The ultimate question in science is: What does this mean?

It’s not enough to have an observation. It’s not enough to compile data and create a graph. You need to know what it is you’re looking at, precisely, and how it fits into broader patterns, which is why science tends to be a tango between experimentalists and theorists.

We’re in an exciting and somewhat nerve-racking moment now in which the experimentalists have detected something in the sky that may be a cosmic thunderclap from the origin of the universe — or it may be something far more quotidian (my new favorite word!). For background, please refer to my story in March about the report from the BICEP2 team, and then my follow-up story and a blog item suggesting that the scientists may have seen only an effect created by dust in the galactic foreground.

Last night, a new paper popped up on Arxiv, the physics preprint site (the papers aren’t yet peer-reviewed or published in a journal), and it is sure to be read closely by the members of the community of scientists who study the Cosmic Microwave Background (CMB) radiation. (The CMB is the closest thing we have to a fingerprint of the Big Bang. The CMB saturates the universe and is the residue of the moment when the cosmos became transparent to light, roughly 300,000 years after the primordial, hot, dense universe began to expand and cool.)
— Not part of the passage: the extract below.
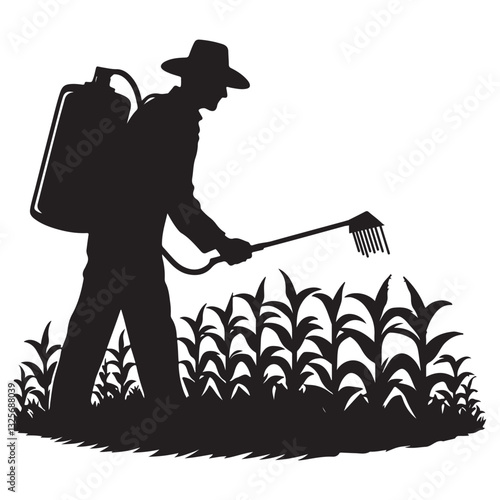 Silhouette Farmer Spraying Pesticides on Cornfield Crop Illustration Vector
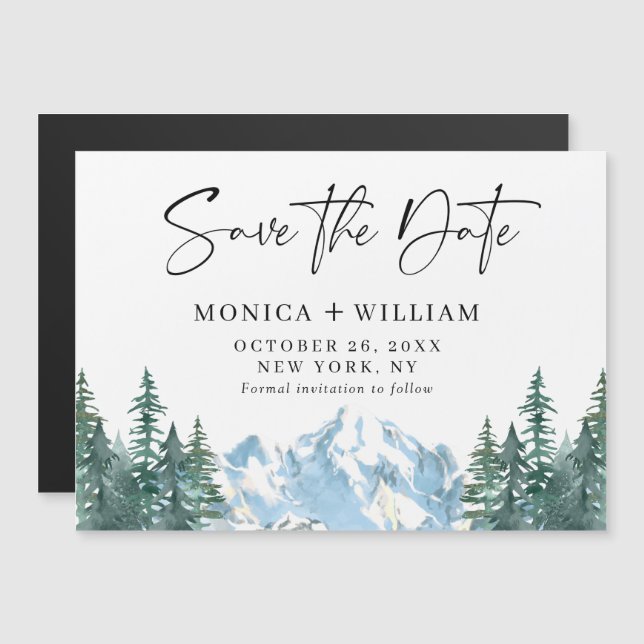 Mountains Forest Save the Date Magnetic Card (Front/Back)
The lead author of the new paper is cosmologist Raphael Flauger  of the Institute for Advanced Study in Princeton. The gist of the paper is that the BICEP2 results reported in March do not rule out a galactic, rather than cosmological, explanation of the polarization of the CMB. The paper concludes:

We conclude that the predicted level of polarized emission from interstellar dust in this field might leave room for a primordial gravitational wave contribution, but could also be high enough to explain the observed excess B-mode power. Thus, no strong cosmological inference can be drawn at this time.

Let’s talk about what this does and doesn’t mean.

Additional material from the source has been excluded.